Jesus makes a lot of promises in the Beatitudes. He describes the prerequisite conditions and the results. If we match the conditions, we will receive the results. The first of these is for those who are described as the poor in spirit.
“Blessed are the poor in spirit, for theirs is the kingdom of heaven. – Matthew 5:3, ESV
Poor here is an interesting word. If we look at the Greek translation, we can take it to mean beggars. Christ is describing believers who consider themselves beggars spiritually, believers who don’t hold onto any sense of entitlement, who don’t consider anything they’ve “achieved” worthy of any special consideration. They are ones who understand their position is “woe is me” before a holy and righteous God. A good example is the tax collector Jesus describes in one of His parables:
But the tax collector, standing far off, would not even lift up his eyes to heaven, but beat his breast, saying, ‘God, be merciful to me, a sinner!’ – Luke 18:13, ESV
This was a man who leaned completely on the mercy of God, who was broken over his sinfulness and his unrighteousness compared to a perfect God, and who held absolutely no pride in his spiritual state.

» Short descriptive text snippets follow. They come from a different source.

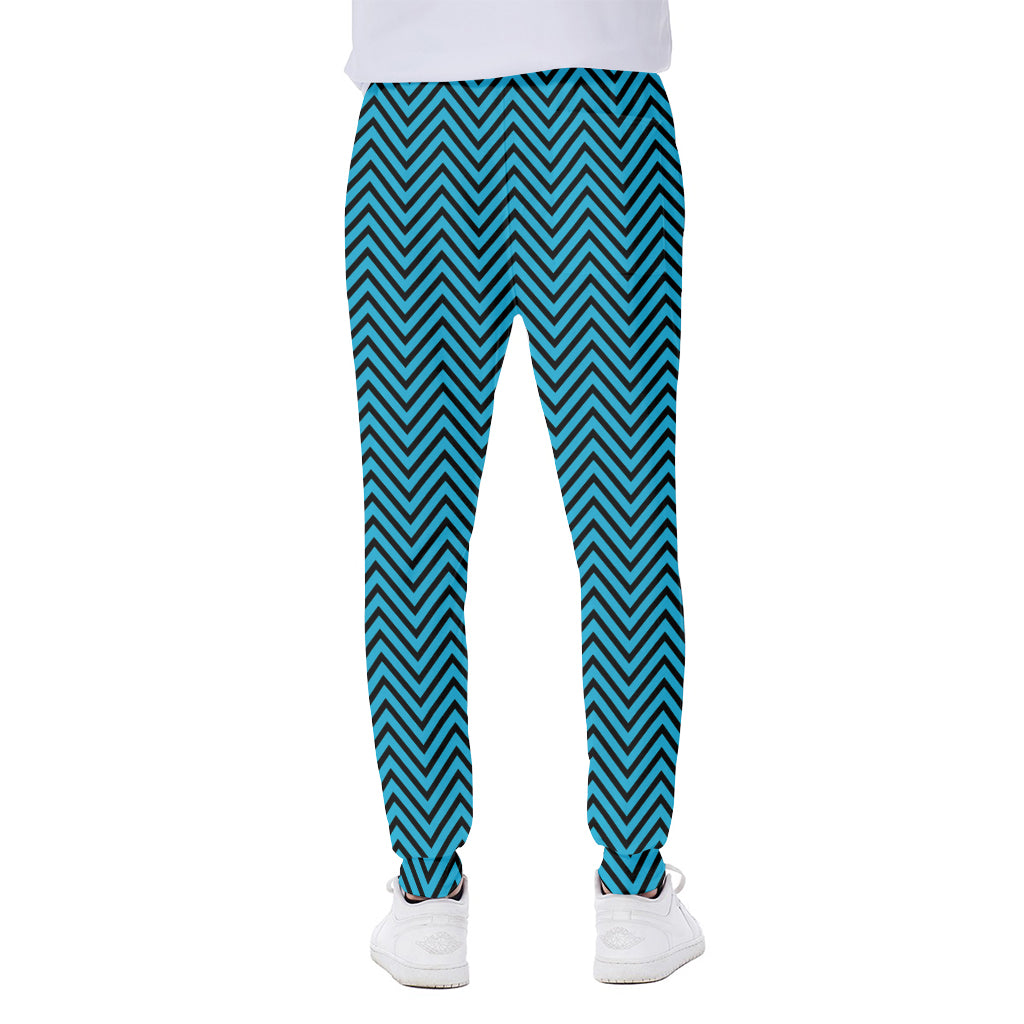 Black And Blue Chevron Pattern Print Scuba Joggers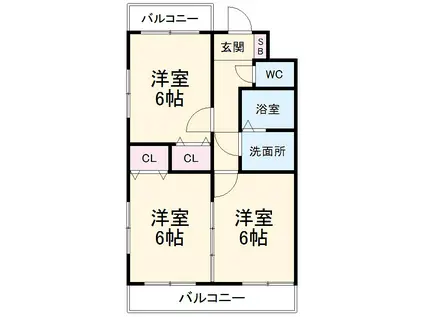 サンイースト京王橋本(2DK/4階)の間取り写真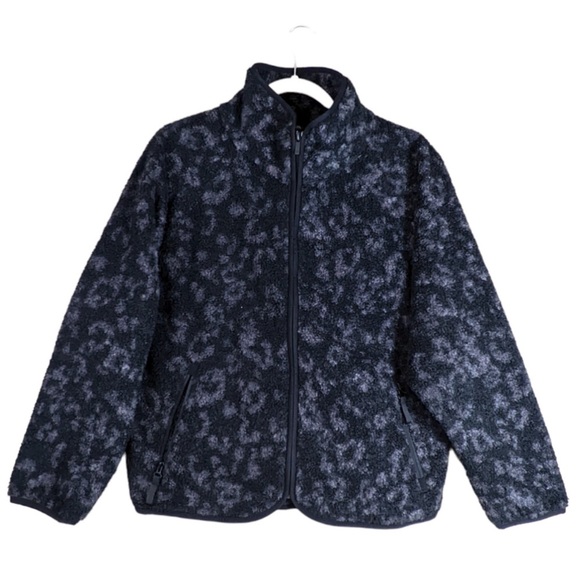 New All in Motion Sherpa Cropped Jacket Women XXL Animal Print Relaxed Zip Gray - Picture 2 of 15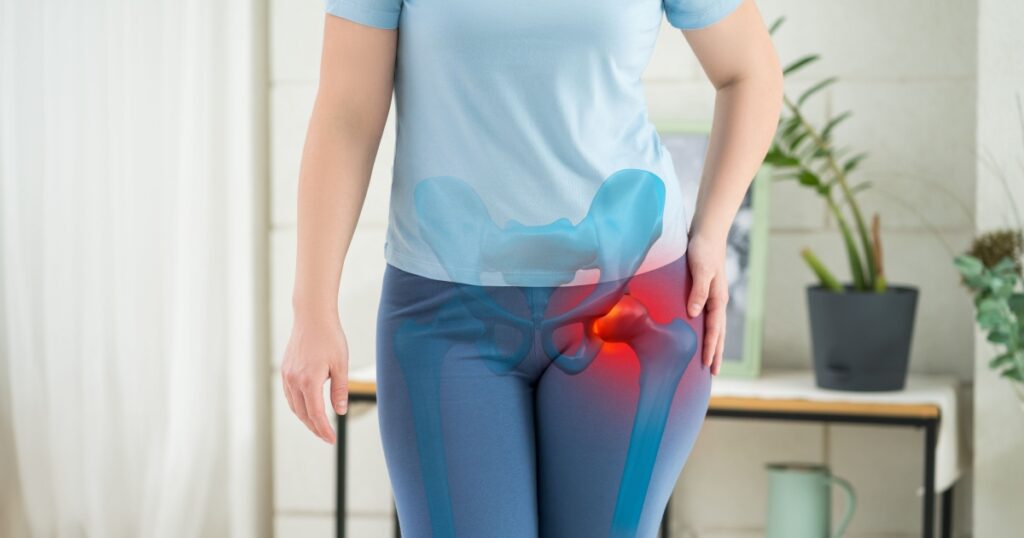 Hip joint pain, woman suffering from osteoarthritis at home, health problems concept, BeH3althy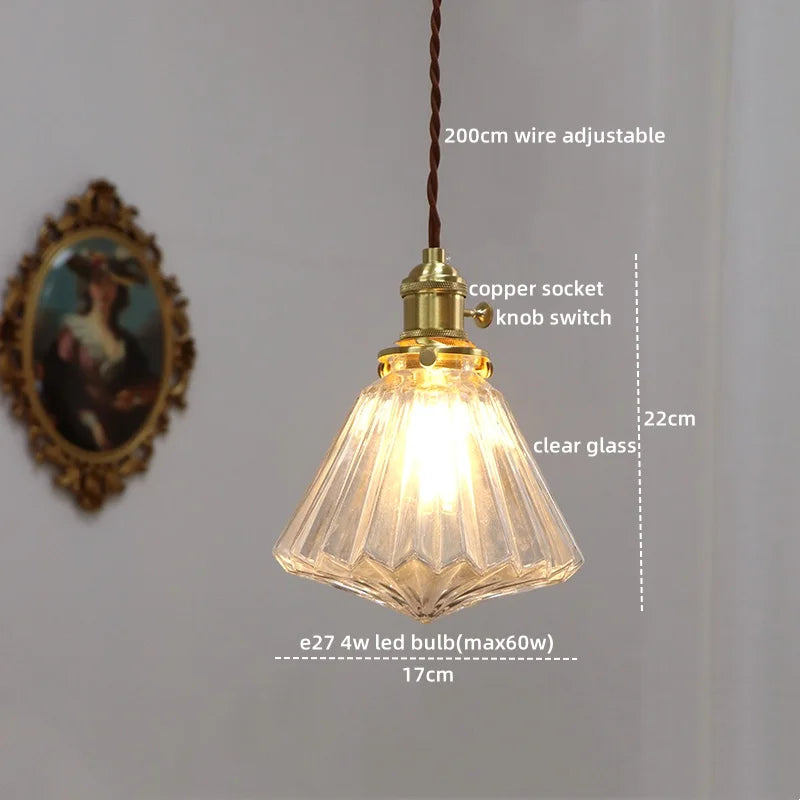 Copper Glass Chandelier LED Pendant Lights for Dining Room Bedroom Bar
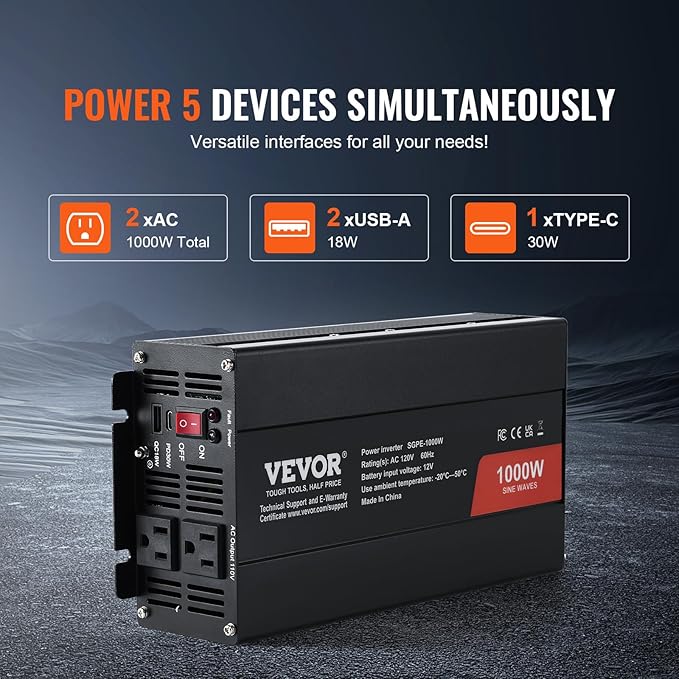 VEVOR 1000W Pure Sine Wave Inverter, DC 12V to AC 120V Power Inverter with 2 AC Outlets 1 USB Port 1 Type-C Port, Remote Control for Small Home Devices Like Smartphone Laptop, CE FCC Certified
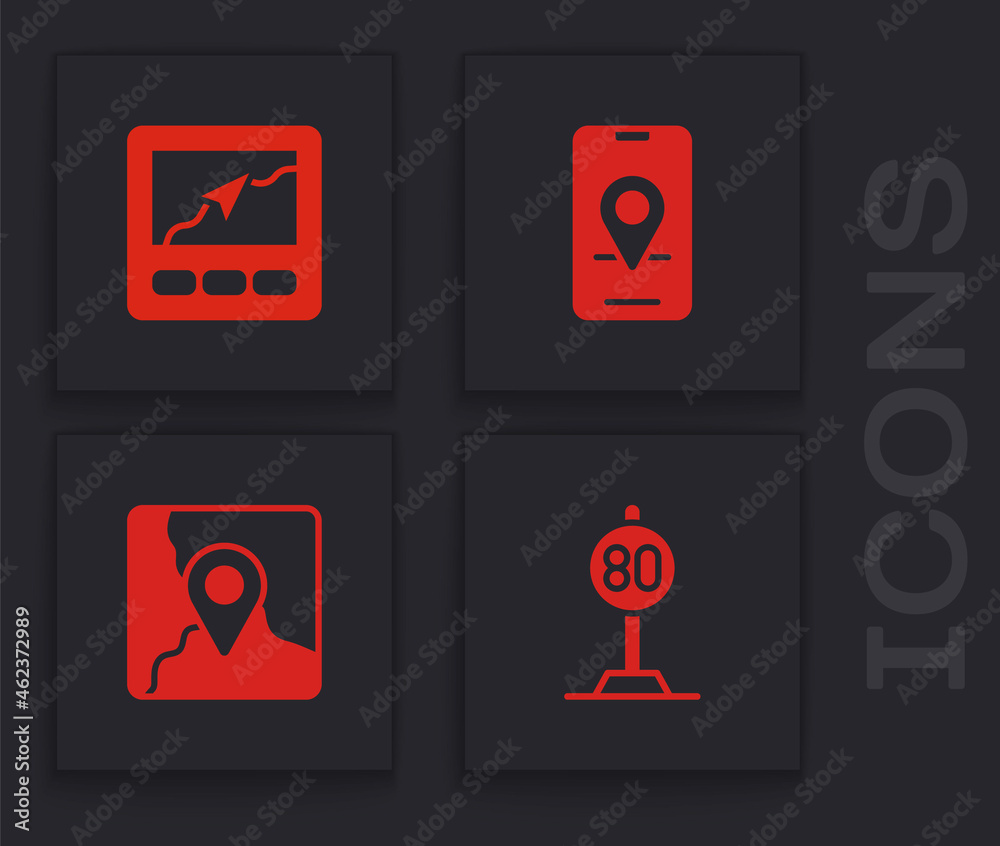 Set Speed limit traffic, Gps device with map, City navigation and Folded location marker icon. Vector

This is the perfect example of someone who is “poor in spirit.”
The promise for such as these is that they will have the kingdom of heaven. This is the promise of salvation and redemption, of an eternal future with their God. This is their blessing, not riches, fame, fortune, power, or anything else the world holds dear. This state has nothing to do with their current conditions except for their awareness of where they are spiritually next to God.
When you examine how you hold yourself spiritually, do you consider yourself a beggar? In your spiritual life, are you so overcome with the magnitude of your sin that you find yourself throwing yourself on God’s mercy? We tend to think better of ourselves than we should. But the Bible reminds us time and again that sin, any sin, disqualifies us from approaching God. It is only through Christ’s substitution for us that we are able to go to God in prayer, that we can enter into eternity with Him. If you don’t find that you have such a broken attitude toward your own spiritual state, ask God to show you where you actually are. It won’t be pretty. It will be painful, humbling, and you will find yourself like that tax collector, unable to raise up your eyes to God. But look at the promised reward: the kingdom of heaven. It’s definitely worth it!